You know, I expect and have learned to accept marginalization from the main stream. What concerns me more is the marginalization by people (the "in crowd","beltway" types of liberty advocates, without mentioning names. The ones who write articles praising, say, Huckabee for his libertarian views.) who should be going out of their way to support the most prominent and only nationally known proponent of individual liberty and from whom we are already getting the usual left handed compliments and tsk, tsking about electability and "concerns" about "pragmatism" and the rest of the horseshit . All of which will most certainly ramp up in the next couple of years. With friends like that - well, you know.
Whgy don't you name names and give examples? And don't we all engage in some type of marginaliz'n? It's called making choices.

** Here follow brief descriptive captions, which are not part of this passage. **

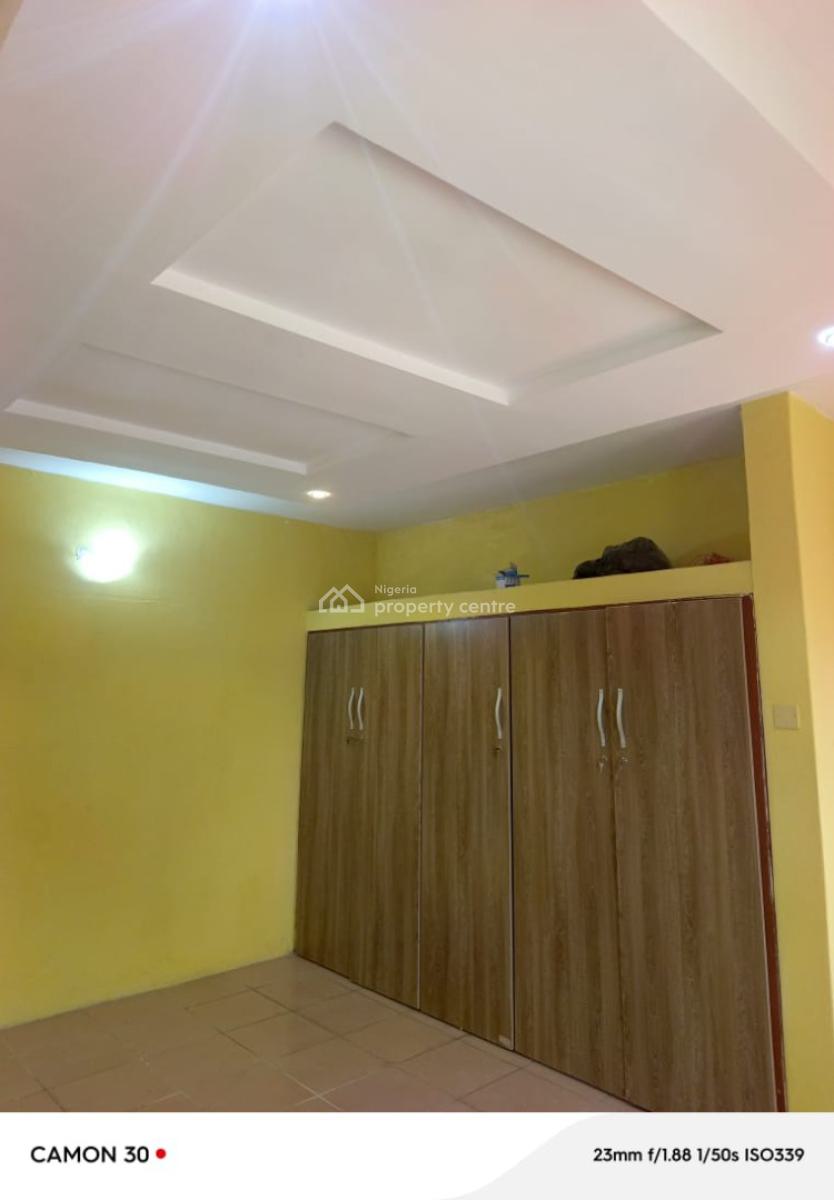 Well Renovated 4 Bedroom Flat, Modern Facilities in Serene Estate, Omole Phase 1, Ikeja, Lagos, Flat / Apartment for Rent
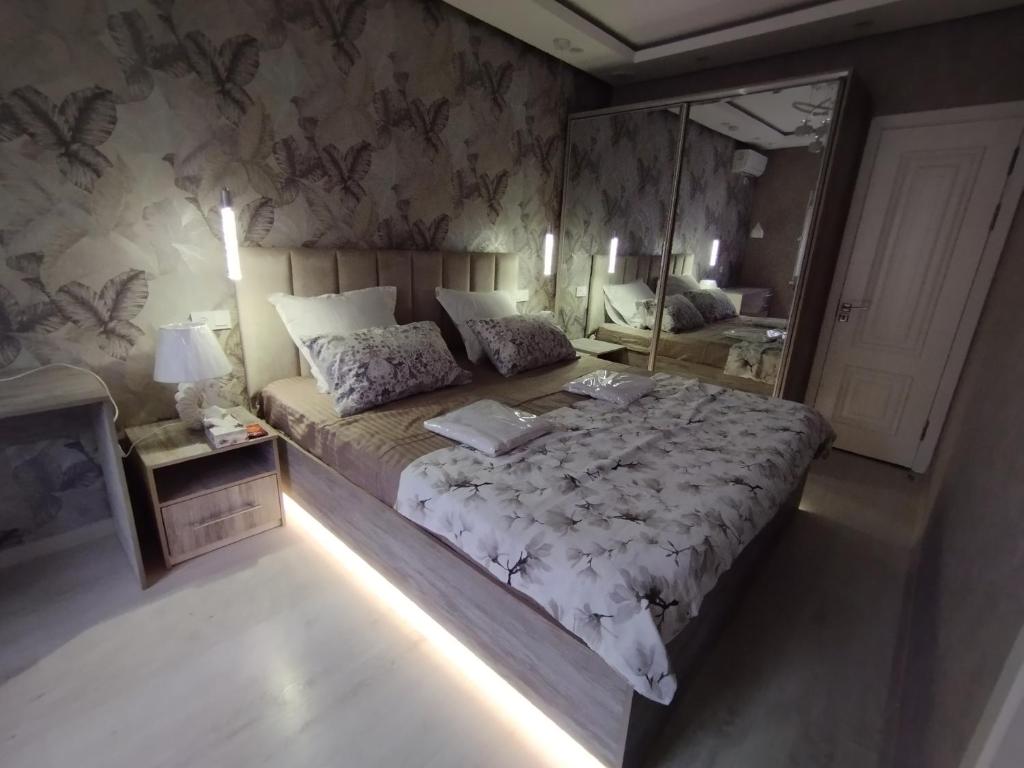 杜尚别Small house in a centr的一间卧室配有一张大床和大镜子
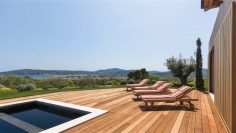 Exceptional Bayfront Escape: Modern Designer Villa with stunnig sea views close to St. Tropez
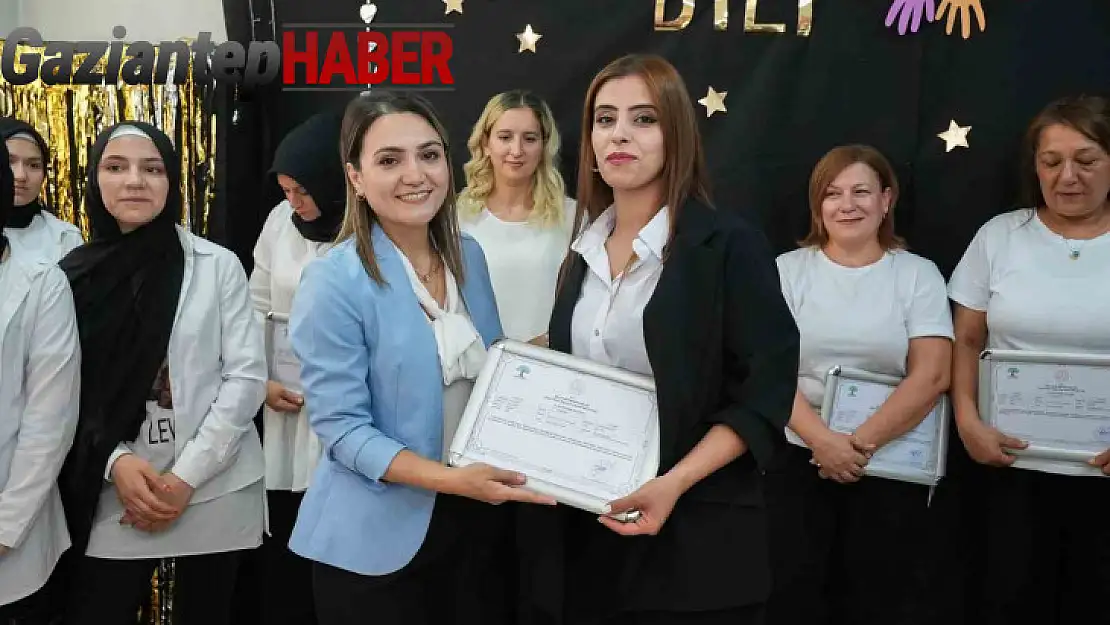 İşaret dilini öğrendiler, sertifika almaya hak kazandılar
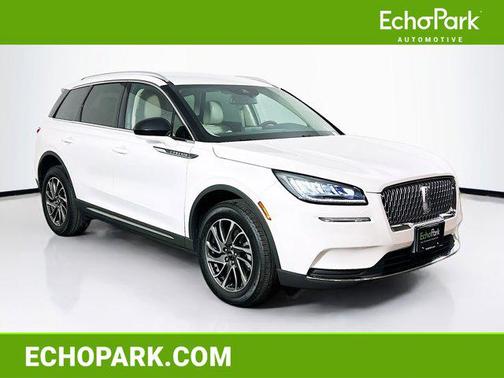 Pristine White Metallic Tri-Coat 2022 Lincoln Corsair Standard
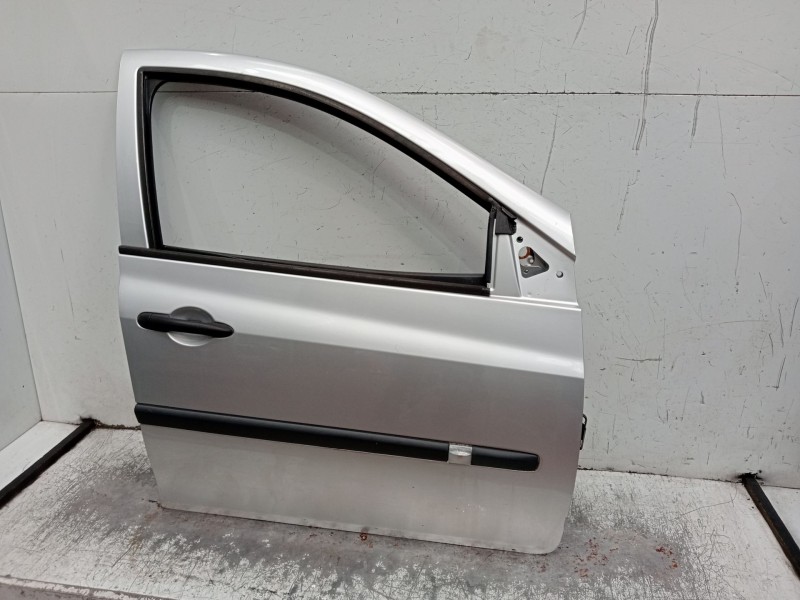 Recambio de puerta delantera derecha para renault clio iii (br0/1, cr0/1) 1.2 16v (br02, br0j, br11, cr02, cr0j, cr11) referenci
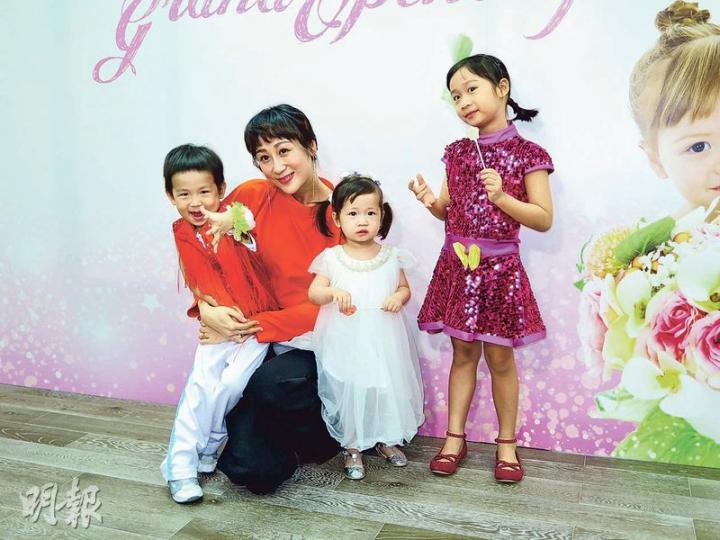 陳浩民太太蔣麗莎昨日偕3名子女出席舞蹈學院開幕禮。(攝影/記者:林蘊兒) 陳浩民太太蔣麗莎昨日偕3名子女出席舞蹈學院開幕禮。(攝影/記者:林蘊兒)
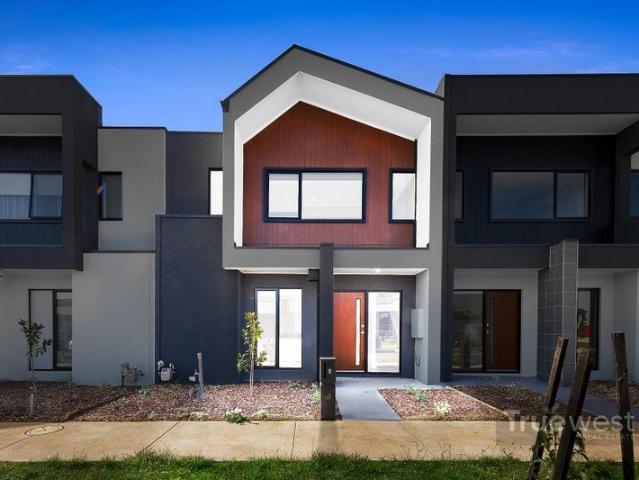 Townhouse for sale in Camerons Creek, Victoria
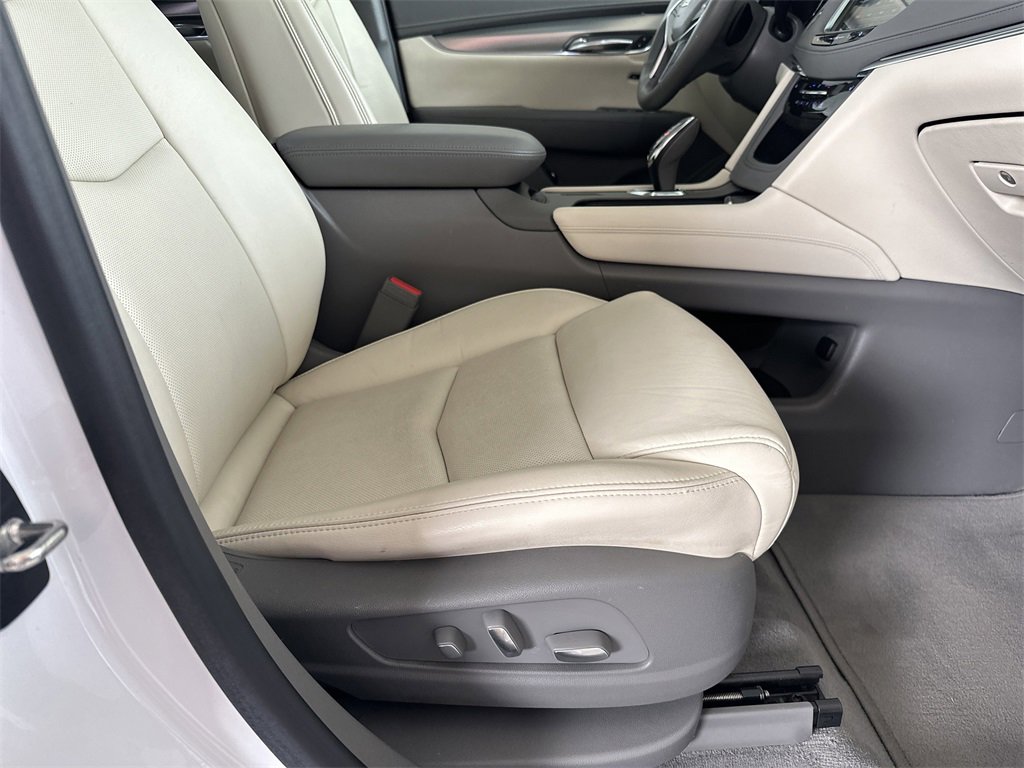 Used 2017 Cadillac XT5 Luxury w/ Driver Awareness Package image 35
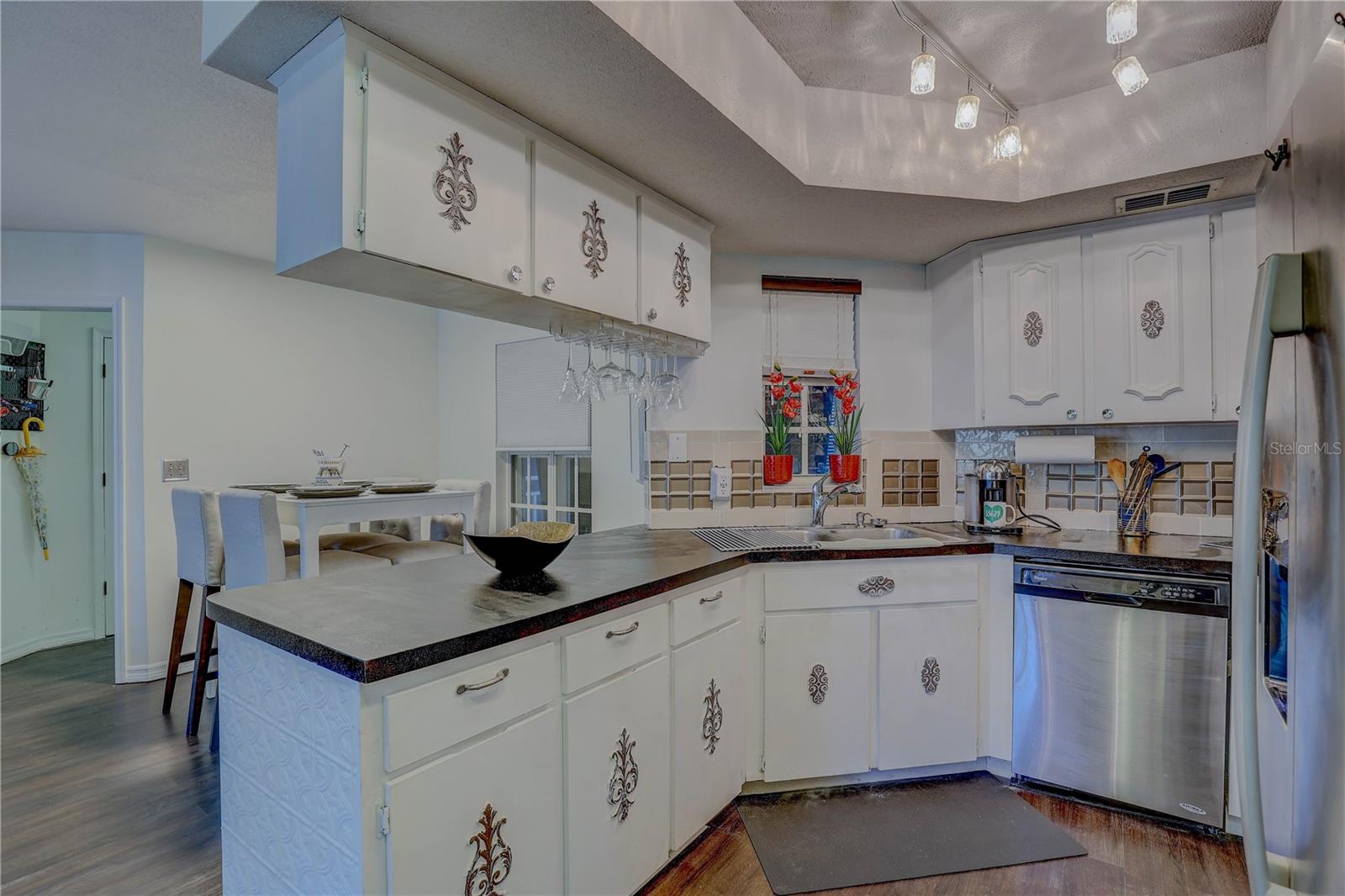 BAYSHORE PLACE A CONDO - Residential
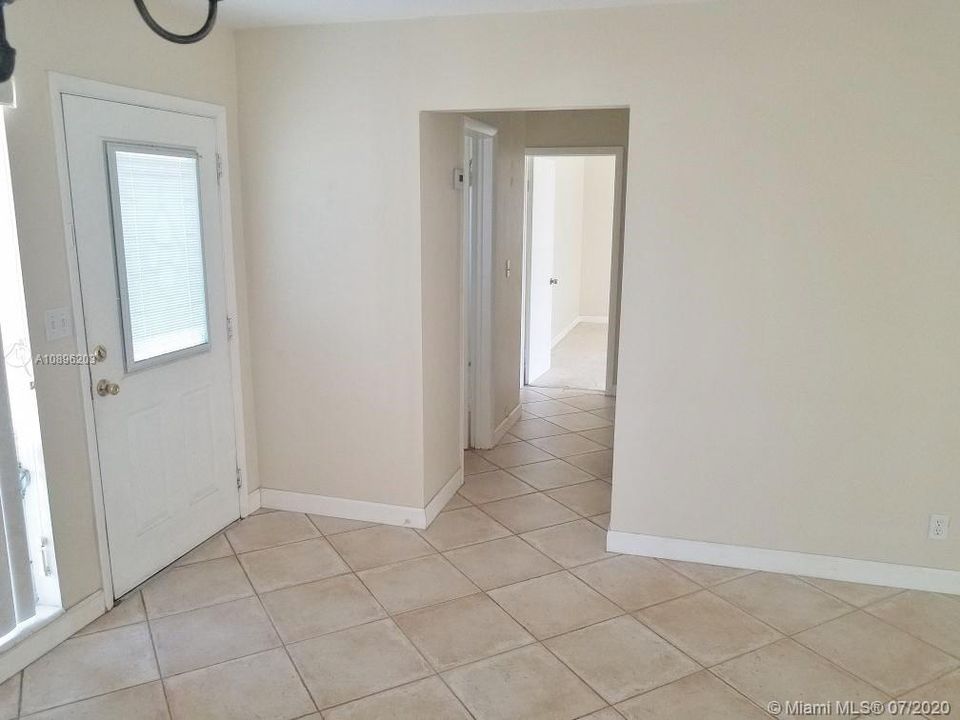 Vendido Recientemente: $439,000 (2 camas, 2 baños, 1458 Pies cuadrados)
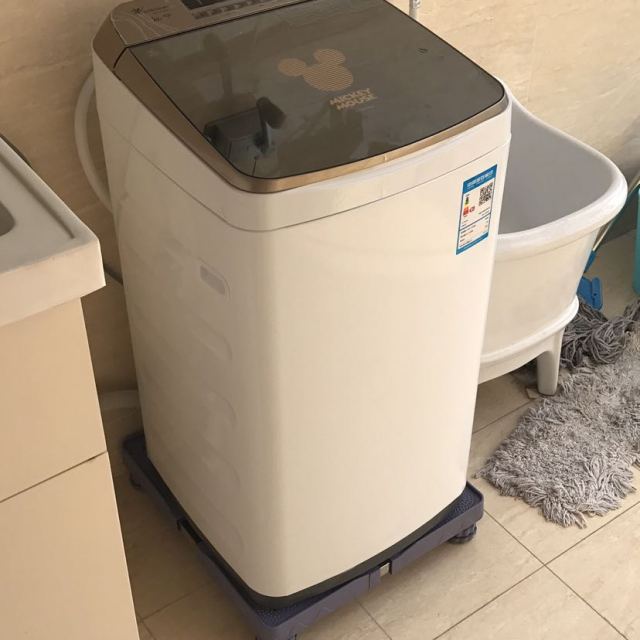 小天鹅 (littleswan)tb30-q18whcl 3公斤洗衣机 水魔方科技 app智能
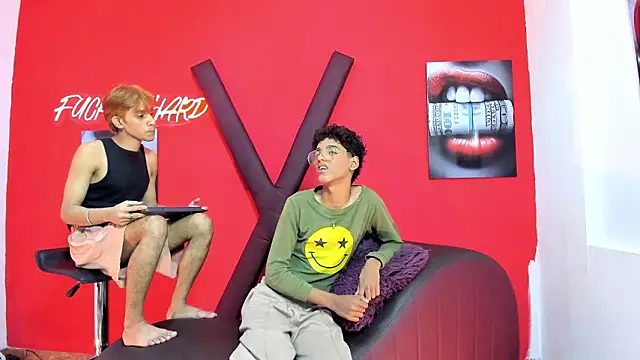 VERY HOT GUYS online show from 03.18.26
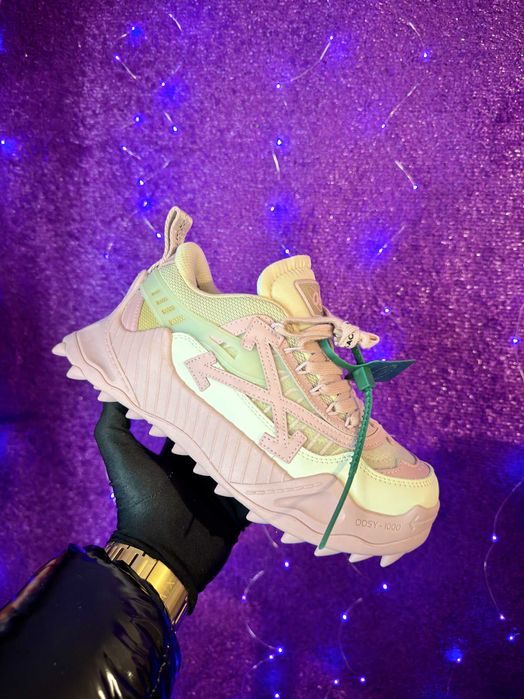 OffWhite Odsy Orice Model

I don't know what the Huckabee articles reference refers to, maybe I'll find out just by scrolling down, but...I bet if you let the avg. concerned person pick 20 policy Qs and lined up Huckabee relative to them, he'd be on the libertarian side more often than the authoritarian side of those Qs that had clear libertarian & authoritarian sides. Of course you could say that's a reflection of what the avg. concerned person's concerns are as opposed to "ours".
Who thinks Huckabee is libertarian?
Isn't he basically a welfare-state Christian? he just wants to hand out bibles with the food stamps.
to arose any interest by any other name would smell just as cromulent.
*throws a dictionary at author*
On the plus side, Ron Paul being in the debate will make Gary Johnson look like a sane reasonable centrist.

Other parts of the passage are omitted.